You're not closing the original send_chan.
Also you fill your queue first and start the workers afterwards, which in a real program (i.e. with a non-infinite queue) isn't a terribly good idea.
Anyway, why is your code so complicated?
Simplified:
tasks = deque(range(103))
results = []
async def worker(worker_id, results, receive_chan):
async def process(task):
await trio.sleep(random.uniform(0, 0.1))
return task
async for task in receive_chan:
result = await process(task)
results.append((result, worker_id))
print('Worker {} reached an empty queue.'.format(worker_id))
async def batch_job(tasks, results):
send_chan, receive_chan = trio.open_memory_channel(WORKER_COUNT)
async with trio.open_nursery() as nursery:
async with send_chan:
for worker_id in range(WORKER_COUNT):
nursery.start_soon(worker, worker_id, results, receive_chan)
for t in tasks:
await send_chan.send(t)
await send_chan.aclose()
trio.run(batch_job, tasks, results)
Note that you don't need (and don't want) an infinite queue; limiting it to the number of workers is more than sufficient.

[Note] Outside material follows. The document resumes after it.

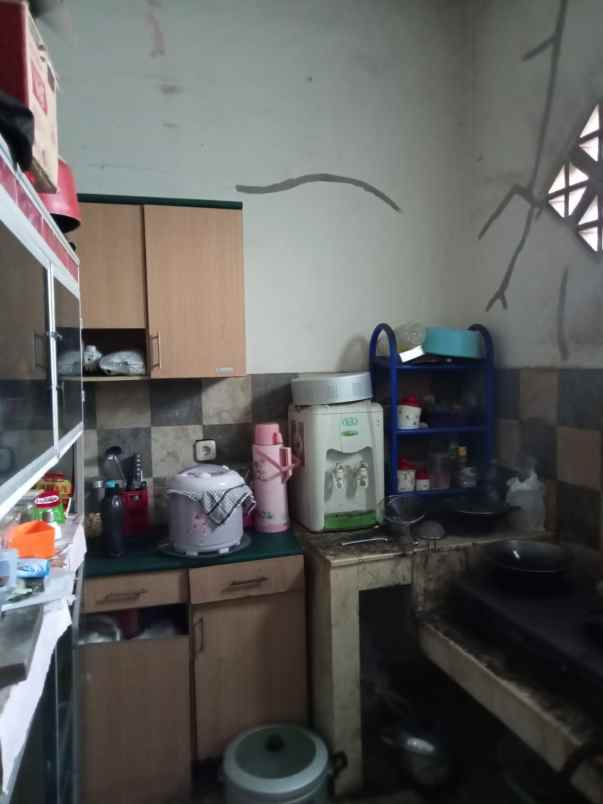 dijual rumah sariwangi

@smurfix Thanks for the explanation. Could you please elaborate on why it is a bad idea to first fill the queue and then start the workers? I'm building a concurrent scraper that should roughly speaking be given a batch of urls and then scrape them concurrently. Because of retries some links may get added back to the queue. Yeah the code is more complicated than it should be, but I figured it's simple enough to get the point.
OK, yeah, if you're scraping then your original code makes more sense. ;-)

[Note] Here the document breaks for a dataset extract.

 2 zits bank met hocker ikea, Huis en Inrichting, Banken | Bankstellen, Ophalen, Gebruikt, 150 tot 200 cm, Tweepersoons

The point is that you should never use an infinite queue. Infinite queues tend to fill memory. Also, the point of a queue is to supply back-pressure to the writers (i.e. your scraper) to slow down because the workers can't keep up. This, incidentally, significantly improves your chances of not getting blocked by the scraped sites.
OK, now you have 103 sites in your initial list, 10 workers, and a 20-or-however-many job queue. If you fill the queue first, the job doing that will stall, and since there's no worker running yet you get a deadlock.

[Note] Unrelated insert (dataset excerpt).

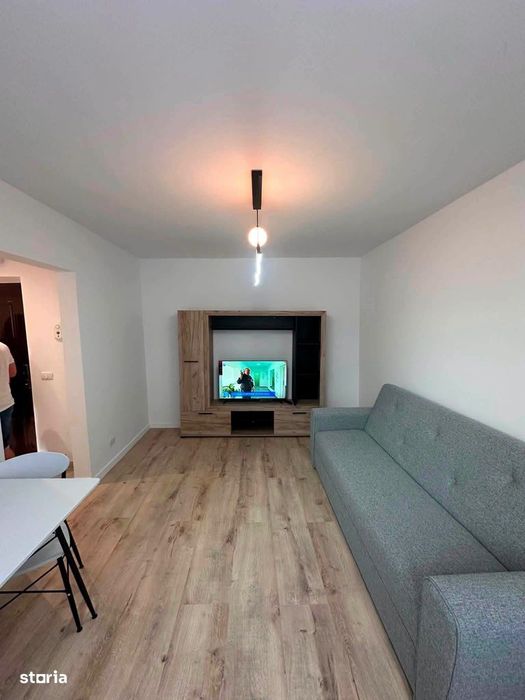 De inchiriat apartament cu 2 camere si balcon, renovat, etajul 2
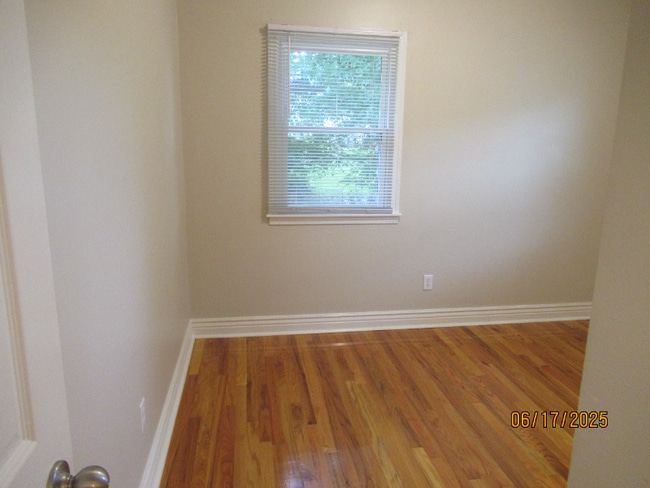Building Photo - 105 Loomis Ave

Thank you for pointing out the issue with the infinite queue.
I don't understand how filling a regular deque can stall. The workers either add the response to the result or add the url back into the queue (of course there are various retry limits, timeouts etc...). You mentioned a "20-or-however-many job queue". I'm adding all my urls to the queue first. All other additions are done by the workers themselves in case of retries.
Regarding rate limiting I do have a mechanism based on timing, and I do not rely on any sort of queue for that if that's what you meant.
Edit: My use case involves a low number of thousands of links at most, so I can afford to keep the entire queue in memory ie. I don't need a separate queue for workers to feed on and another to fill the first one.